小説家。長崎県生。小学校中退。上京後、職を転々とする。昭和3年『キャラメル工場から』でプロレタリア文学作家として出発。7年共産党に入るが、戦後に離党。『女の宿』で女流文学賞受賞。ほかに『夏の栞』『くれなゐ』『樹影』『時に佇つ』『月の宴』などがある。

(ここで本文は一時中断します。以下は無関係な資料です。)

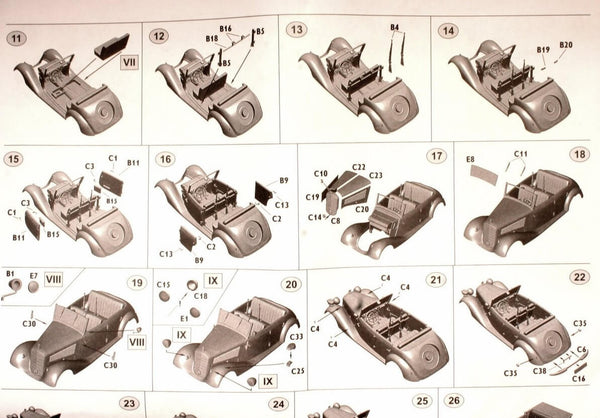 1/35 scale model MasterBox German Military Car Mercedes-Benz Type 170V Tourenwagen 4 doors WWII 35100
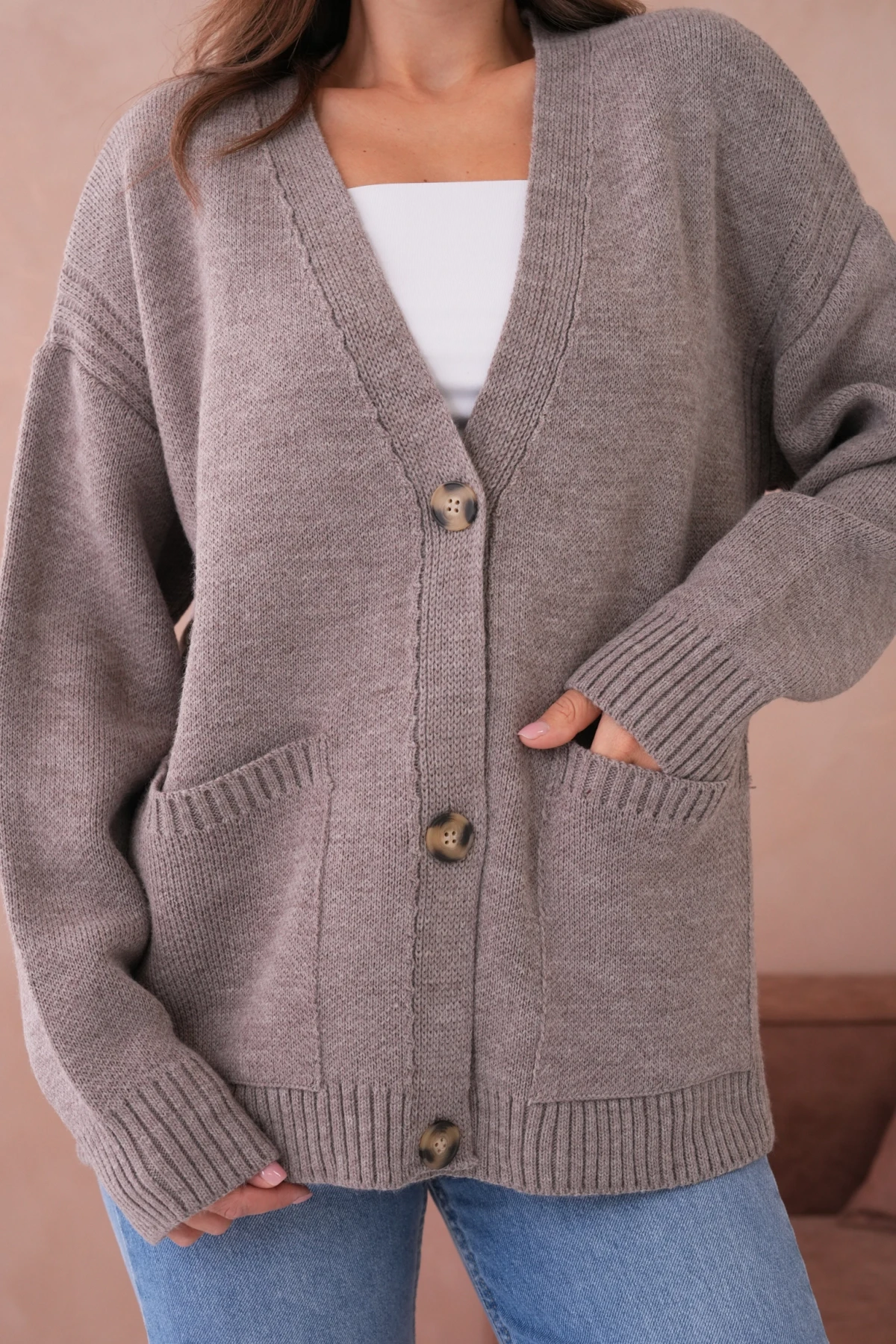 Kadın Açık Yaka Düğme Detay Oversize Triko Kazak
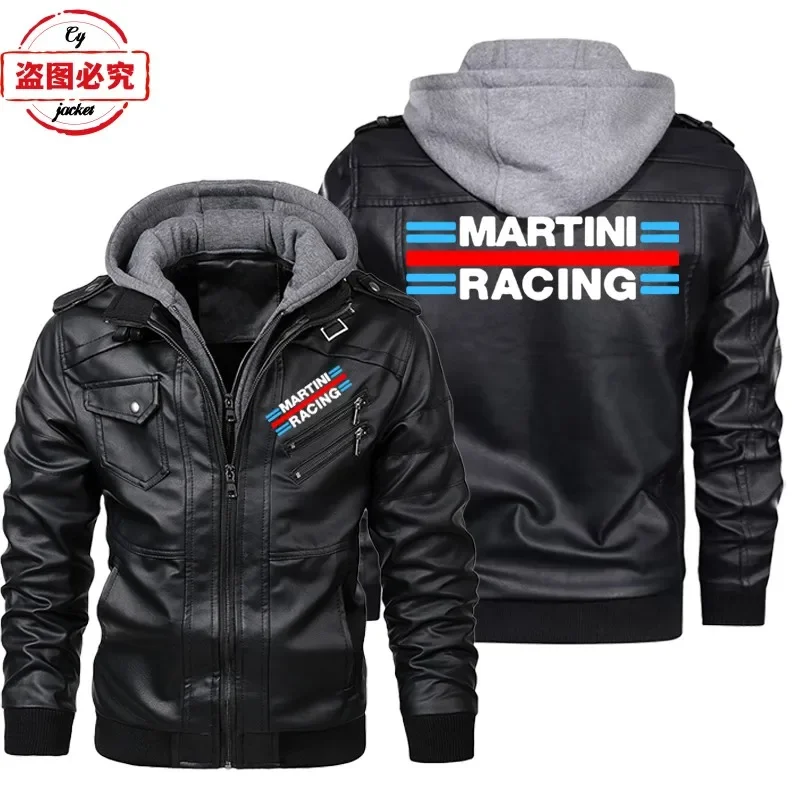 Martini Racing Logo Printed Ra - огляд і ціна Leather Work Jacket With Hood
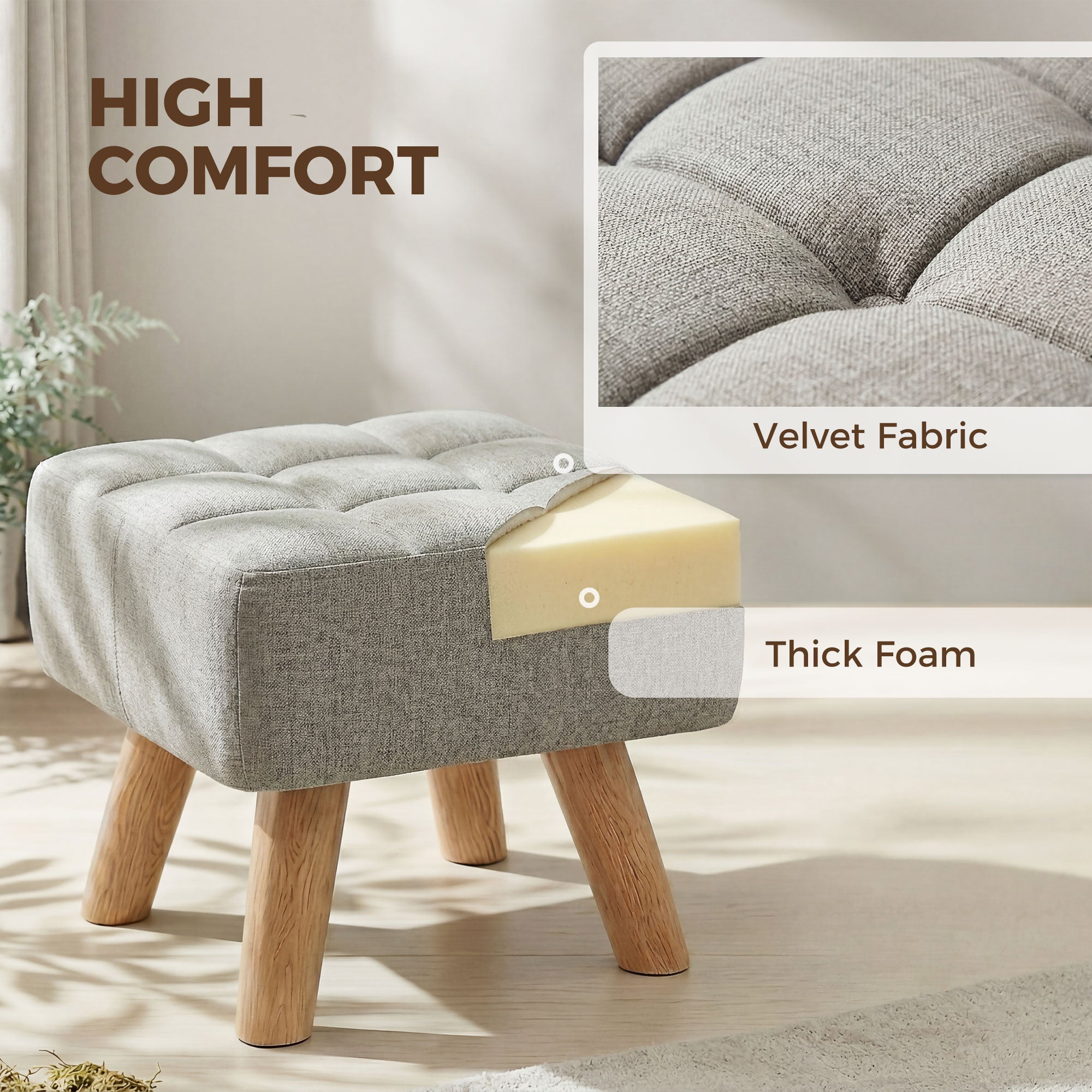 Linen-Look Square Padded Footstool - Light Brown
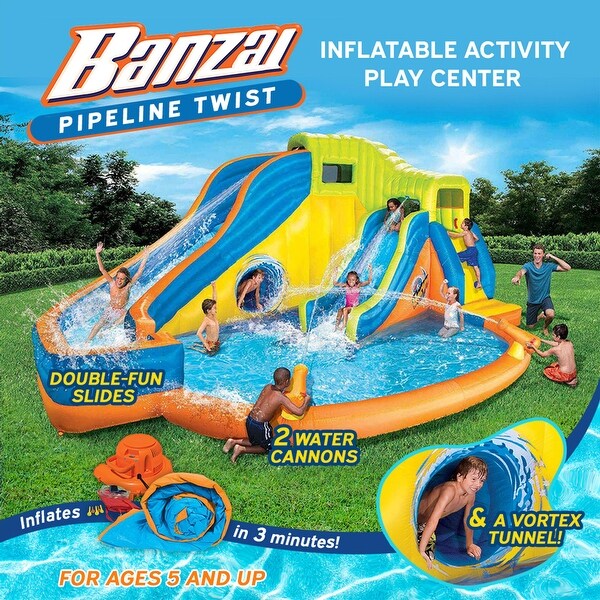 Banzai Pipeline Twist Kids Inflatable Backyard Waterpark Activity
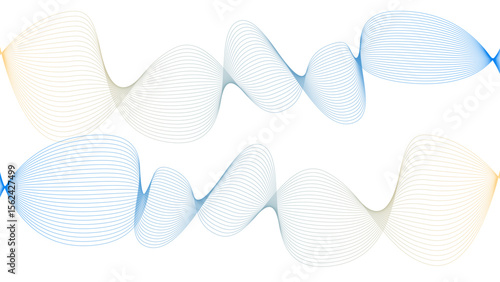 Vector curvy abstract line art wavy flowing dynamic colorful lines white background in concept music or sound, wave, wind, information flow	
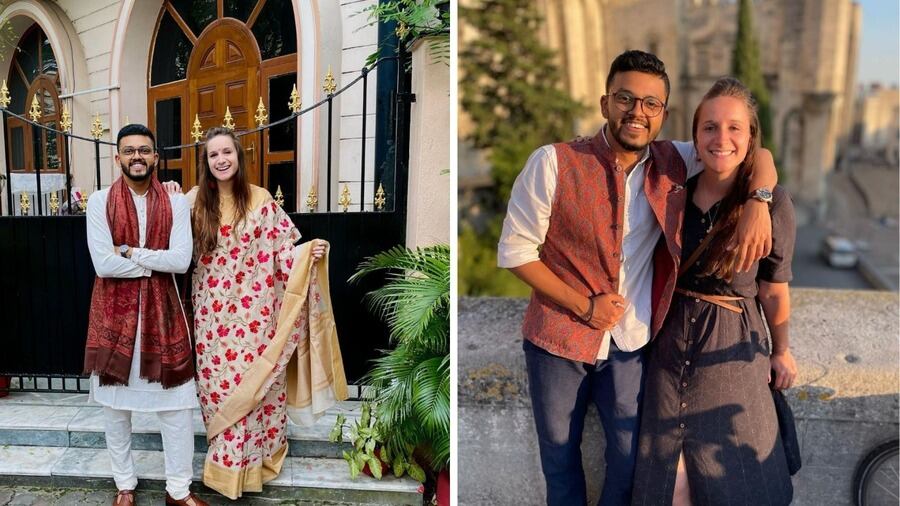 Meghdut Roy Chowdhury and Pauline Laravoire post covers of popular Bengali, Hindi and English songs on Instagram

 私は以前に一度だけ、ここの海の独自のひろがりに息をのんだことがある。ここを通過する初めての旅のときだから、中野重治の国会議員選挙に一本田に行くときででもあつたろうか。車窓の前に広がる、ここの海の、一面の雲に閉ざされて猛る波しぶきは、暗うつな中のすさまじさを見せて迫つていた。空と海は合して灰色に深く沈みながら茫漠とひろがり、波は高く渚に打ち当つて飛沫を上げていた。渚いっぱいに波しぶきは次々と高く上って絶えることがない。その暗い激しさは、形容しがたいまま私をゆすった。その暗い中の激しい動きは美と云えた。たしかにそれは、ある美であつた。その印象が強烈だったから、私はその後、何度かここを通過するたびに、あのときの美を期待した。しかしそれ以後、あの激しさにまだ出会うことがない。この日も親不知の海はただ薄蒼く和いでいた。
  ああ 越後のくに親不知市振の海岸
 中野重治の詩の一行が私の胸の内だけにあった。この詩が、中野の若いときのものだから、そして私のこの詩を知ったのも若いときだから、遙かなおもいがよぎる。ああ 越後のくに親不知市振の……そして私は、全集第二十七巻に載った長髪の、紺絣をきた中野の写真をおもい出す。
                                                              

(夏の栞)



 

 佐多稲子は、『驢馬』同人の中野重治、堀辰雄らと出会い、のちに知り合った窪川鶴次郎と結婚、「生きていく目安」を得て、左翼運動にも加わった。哀しくも厳しい少女時代の実人生を描いた処女作『キャラメル工場から』をもって彼女の作家としての巣立ちが始まるが、文学者として、妻として、共産党員として、あまりにも激しい苦難や挫折もともに始まったのだった。
『私の東京地図』終章に稲子はこう書いている。〈道が残っている、ということは、私に、厳然とした喜びをあたへている。古い地図の数々の折れ曲がった道を心にきざみながら、私はまたひとつの方向に進む足音に自分の足音を混じえて歩いて行こう〉と。
 ——平成10年10月12日、敗血症ショックにより作家佐多稲子は死去する。



 

 この寺の墓地に向かう坂をのぼるのは「松本清張」の墓参以来二度目となる。秋彼岸、風はまだまだ熱気を含んでいた。尊敬するモーパッサンの墓を手本に造られた「佐多稲子」墓。開いた形の白影石の本には生年、没年が刻まれ、中央に香が置かれている。
 〈誰かから何とか学資を出して貰い、小学校だけは卒業するほうがよかろう〉といった内容の郷里の先生からの手紙を、住込みの中華そば屋の暗い便所で読み返し泣いたという『キャラメル工場から』の最終行から始まった彼女の作家人生はここに終わっていた。
 息子夫婦と連れだって同じ筋の墓参りにきた年輩の女性が、しきりに「佐多稲子」の説明をしているのだが、若夫婦ともピントこないのか曖昧な返事をしながら足音だけを残して横切っていった。